Darren Aronofsky finds Biblical lessons in the tar sands
Canada's laissez-faire approach toward the tar sands reminded Darren Aronofsky of America's attitude toward Wall Street.
When asked how Noah's struggle in his most recent film influenced his decision to visit Canada's tar sands, Darren Aronofsky was intrigued.
"I like where you’re going. Very interesting." he said. "Continue."
"Noah is about a good man who has to struggle with outside forces that push him to become an evil man," a reporter said. "We're all struggling with our role in contributing to climate change."
Aronofsky considered this.
"When we first started Noah, we noticed that in the original story of Genesis there were environmental ideas in there...God wanted to destroy the world because man filled it with violence," he said.
"Just like today?" the reporter offered.
"There's an interesting connection to what’s happening now," Aronofsky said. "My team started to research the most polluted places on planet earth to see what the connection is between Noah’s world and our world. My partner is from BC and she said, 'Have you heard of tar sands?'"
"The images coming out of the tar sands were so intense. I wanted to go and have a look at it."
Aronofsky, who studied biology in university, was in northern Alberta last week with Leonardo DiCaprio, the Oscar-nominated star of Wolf of Wall Street, who was working on an upcoming enviro-documentary.
What the filmmaker saw brought to mind the Book of Genesis. Its conflicting messages pit the notion of protection of against dominion over Creation, a theme dramatized in Noah by Russell Crowe.
"With Adam and Eve - there are two messages. God says we are the stewards of the earth, and on the other hand, He says we have dominion over it. That’s a conflict that's been going on between environmentalists and the industrialists for a long time now.
"What I’ve concluded is that we're supposed to have a balance. We’re supposed to have responsibility to the earth. But companies in the tar sands have no strategy of how to clean it up or do it sustainably - it's really out of control."
Aronofsky said he was stunned by the parallels between Canada's laissez-faire approach toward the tar sands and America's attitude toward Wall Street.
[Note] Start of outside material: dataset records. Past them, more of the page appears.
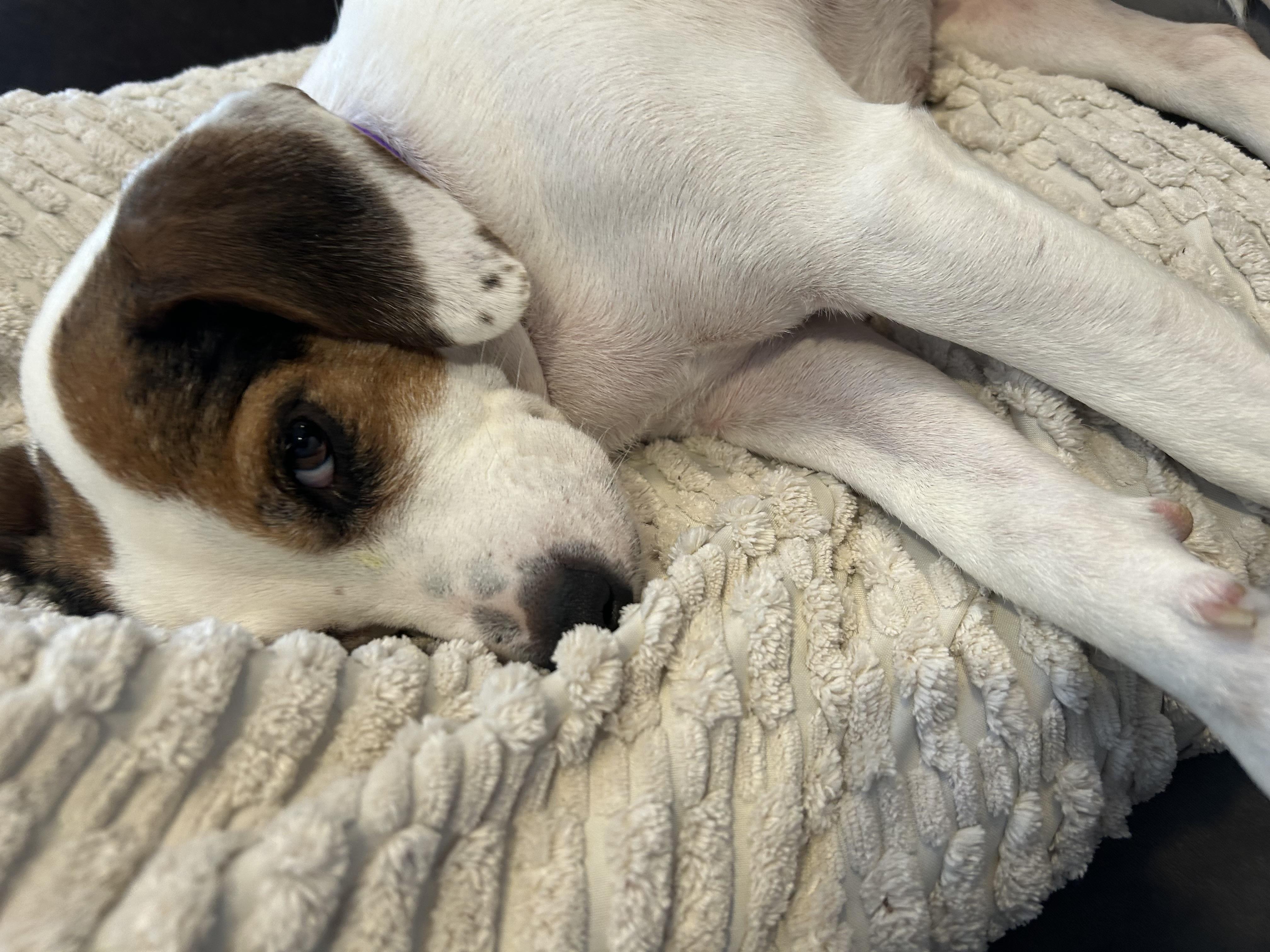 Belle (Bev-Fostered in New England), adopted, Young Female Jack Russell Terrier & Beagle.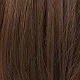 Blonde Highlight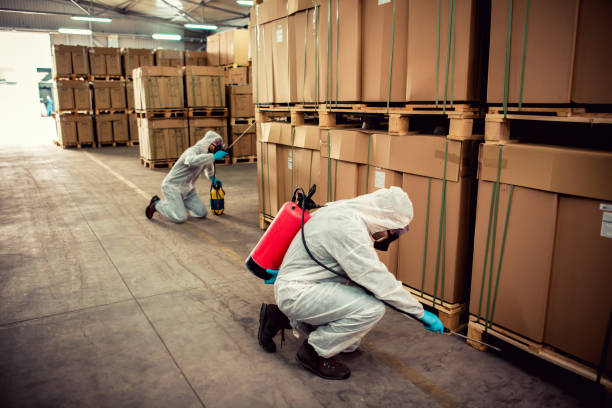 Best Affordable Pest Control Services  in Chevy Chase Heights, PA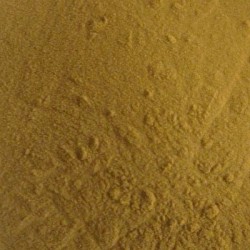 Echinacea Purpurea S.E 4percent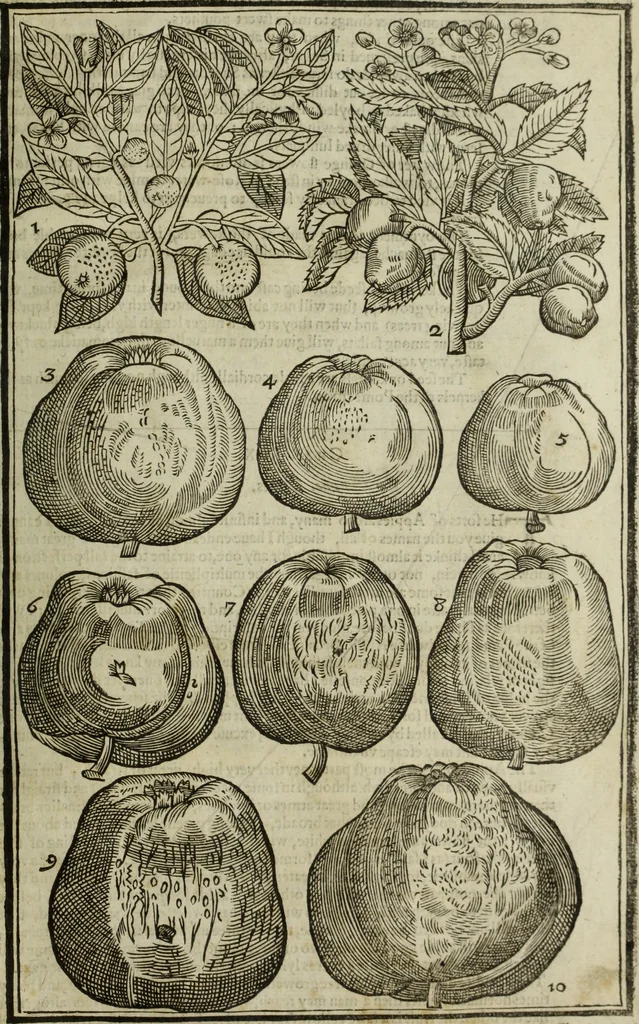 An illustration from Paradisi in sole, paradisus terrestris : or, a choice garden of all sorts of rarest flowers : with their nature, place of birth, time of flowering, names, and vertues to each plant, useful in physick, or admired for beauty. To which is annext a kitchen-garden furnished with all manner of herbs, roots, and fruits, for meat or sawce used with us. With the art of planting an orchard of all sorts of fruit-bearing trees and shrubs, shewing the nature of grafting, inoculating and pruning of them. Together with the right ordering, planting and preserving of them, with their select vertues: All unmentioned in former Herbals, 1656, leaf 594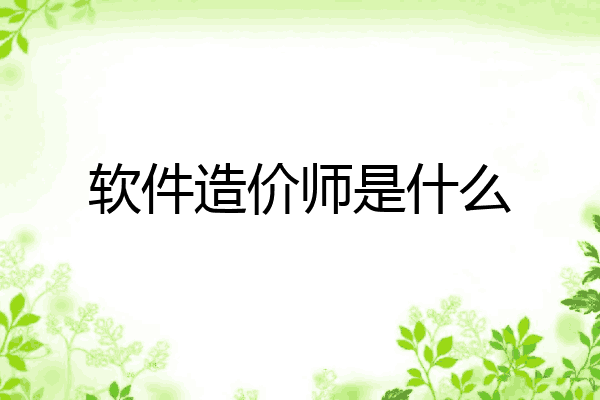 软件造价师是什么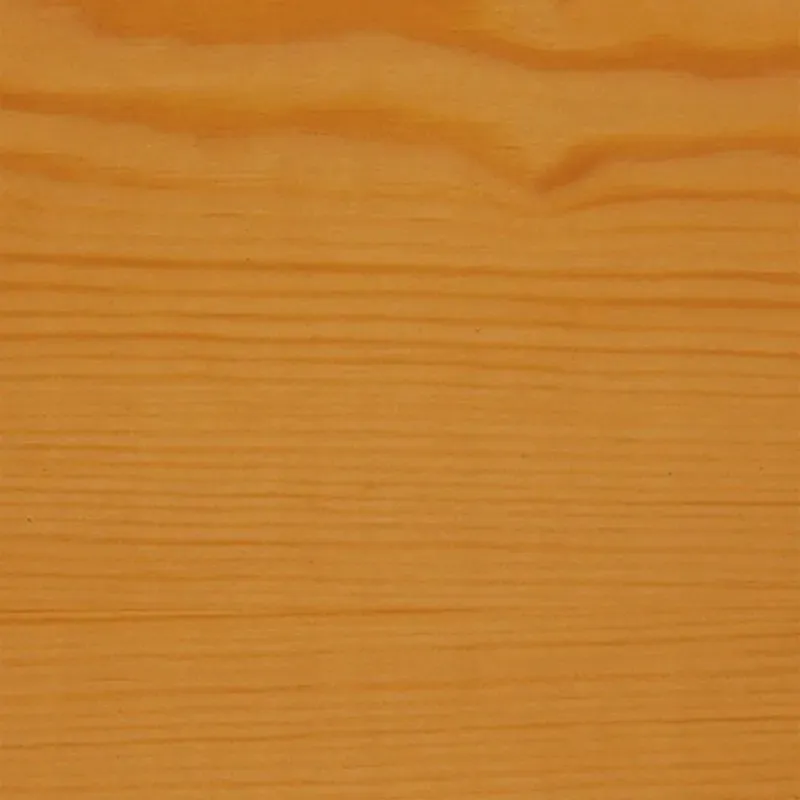 v33-impregnat-protect-dab-jasny-9l-stan-nowy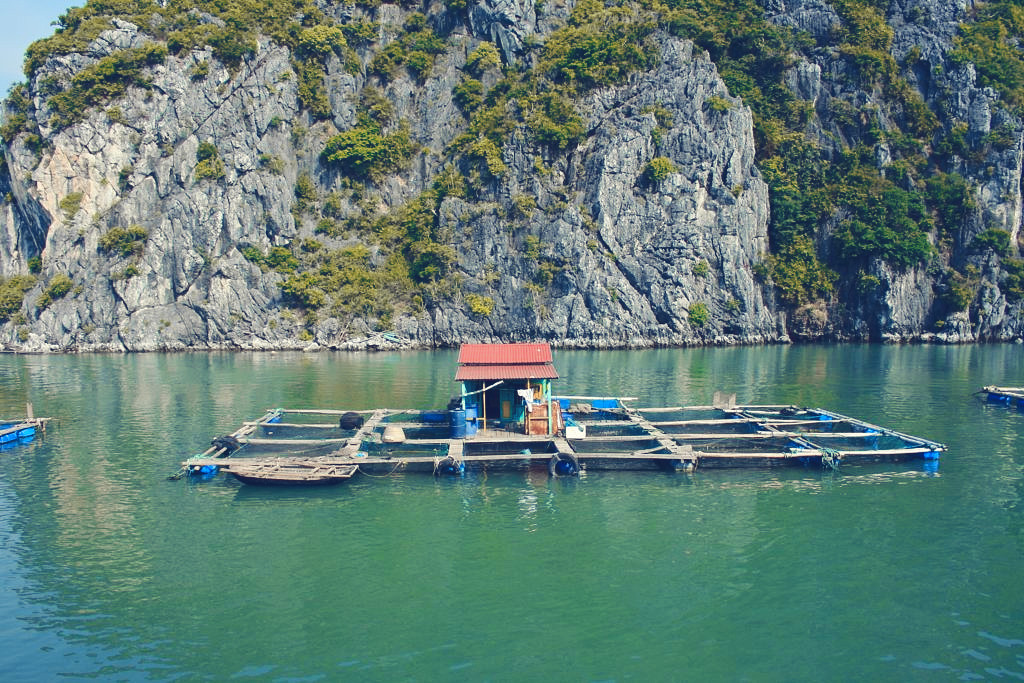 Vietnam: The Ultimate Travel Guide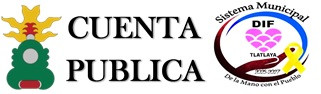 Cuenta Pública DIF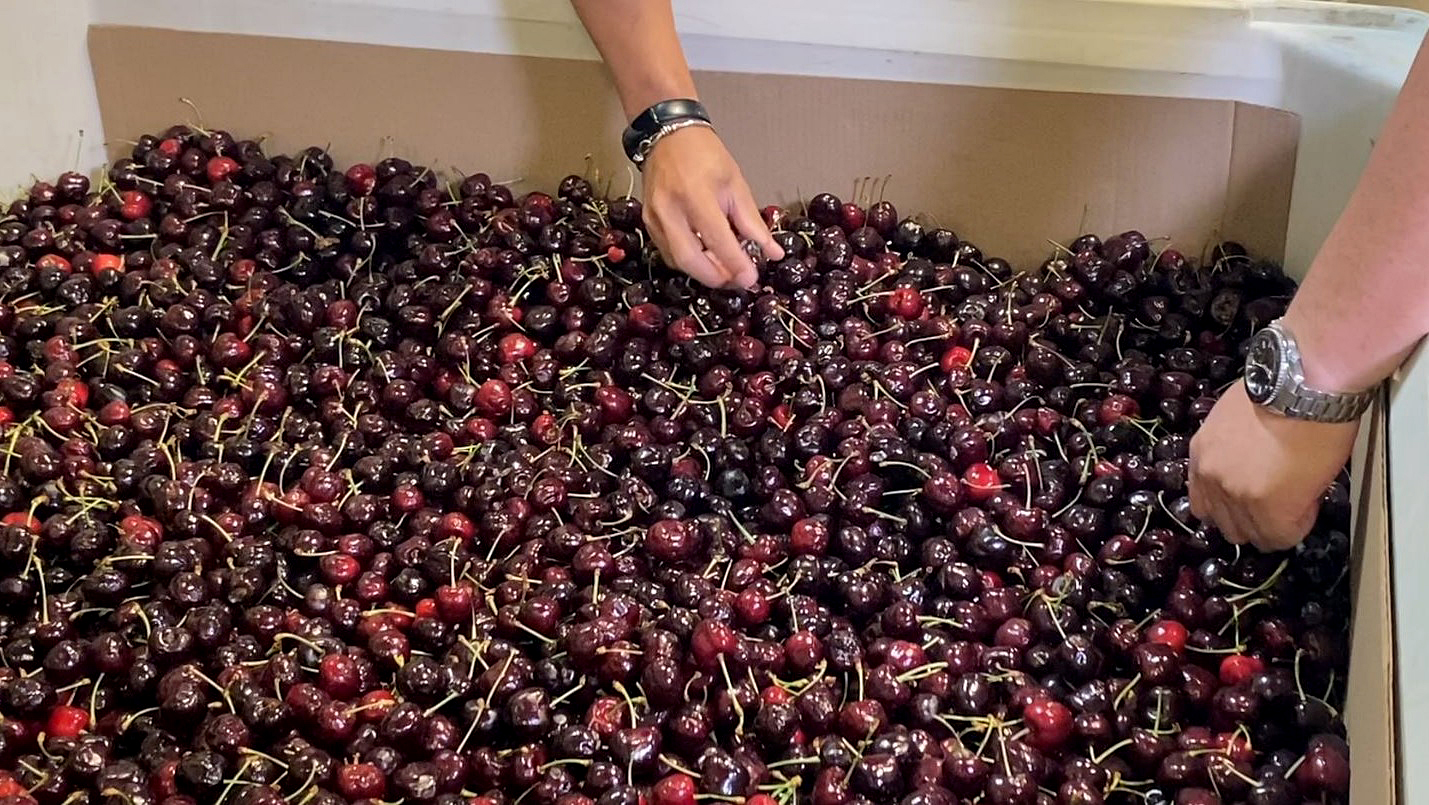 Производителите на череши в пр н е очакват тежка 2024 г след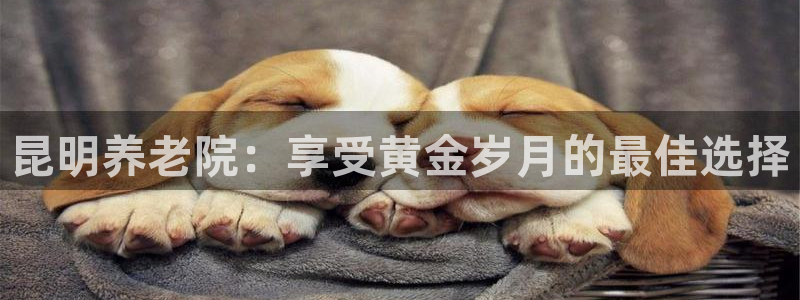 韦德1946备用网站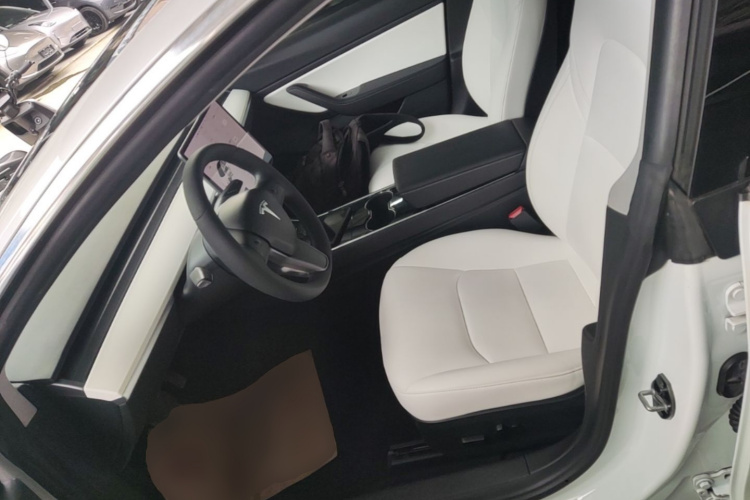 Tesla Model 3 2020 car image #15
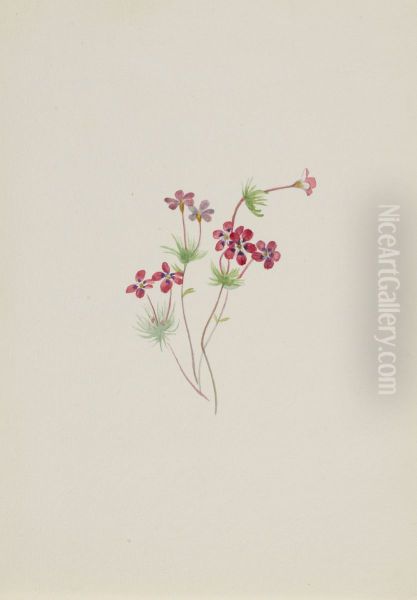 Gilia linanthus parviflorus - view 1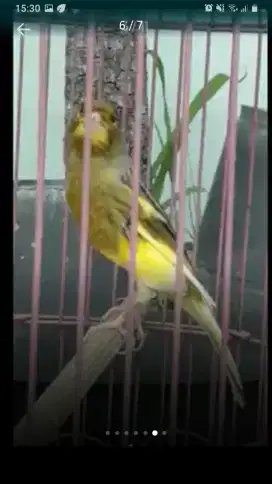 Kenari Loper Bon Kuning / Ijo Gacorr Ngeroll..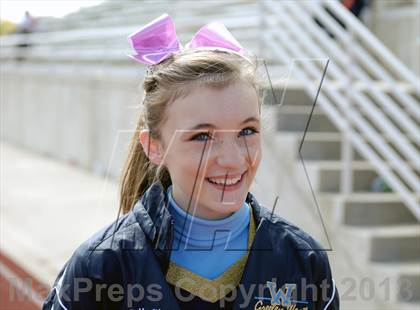 Thumbnail 2 in Longmont @ Greeley West photogallery.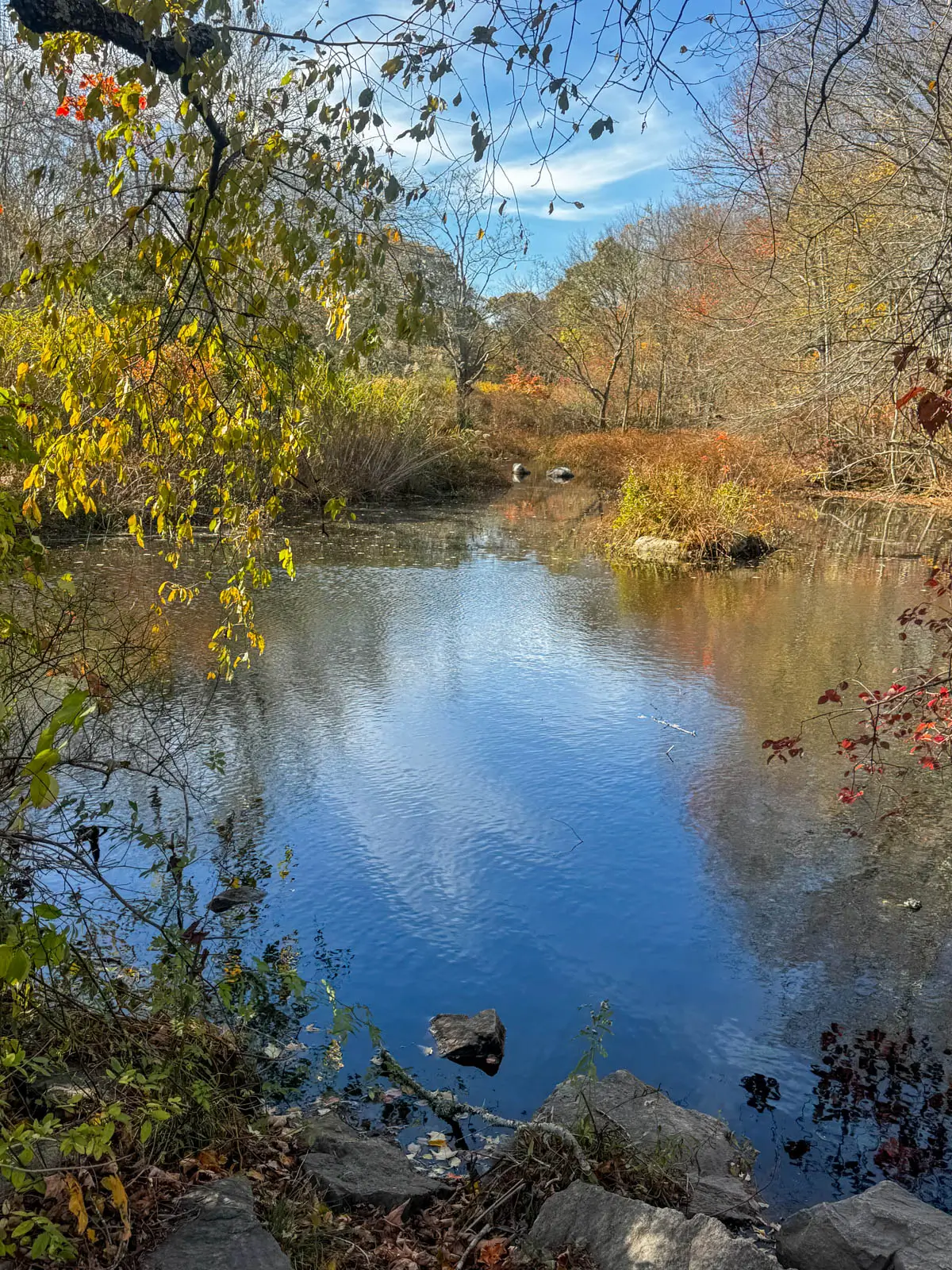 small calm lake with a reflection of the soft blue sky with white wispy clouds and a mix of bare trees and trees with orange leaves surrounding the water in November.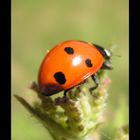 Mademoiselle Coccinelle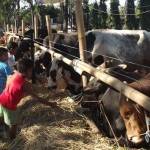 PEDAGANG DADAKAN: Sejumlah bocah memberikan rumput ke sapi-sapi milik pedagang hewan kurban, di Jalan Jenderal S Parman,  Kecamatan Waru, Rabu (31/8). foto: MUSTAIN/ BANGSAONLINE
"To find out you guys don’t have an equivalent to the EPA (Environmental Protection Agency) was shocking to me. It’s clear industry needs to be regulated….there’s so many things that could be done, easy things that could put a better situation in place there."
In Aronofsky's Noah, Noah witnesses a miracle as he stands before a devastated landscape similar to the tar sands. When he lays down a seed, the landscape transforms into a lush forest, a paradise suggestive of the Garden of Eden. It provides Noah with the trees he needs to construct the arc.
Does Aronofsky believe it will take a similar-sized miracle to halt climate change, VO asked.
After a long pause, Aronofsky said, "I have great faith in people. We're able to figure out solutions. We can’t just give up."
He said it won't take a miracle but the seed is clean energy. And the alternatives are readily available.
"We have a lot of work ahead of us," he said, but he thinks we can do it.
"I'm an optimist," he noted.
Aronofsky really likes Canada and not just because he's married to a British Columbian. He said he's always thought of Canada as a "progressive, green paradise."
Although that view of Canada has been tarnished by the trip to the tar sands, he told the Vancouver Observer he's working with Canada's literary icon, Margaret Atwood, another avid environmentalist, on his next film.
Aronofsky spoke to the Vancouver Observer from New York City.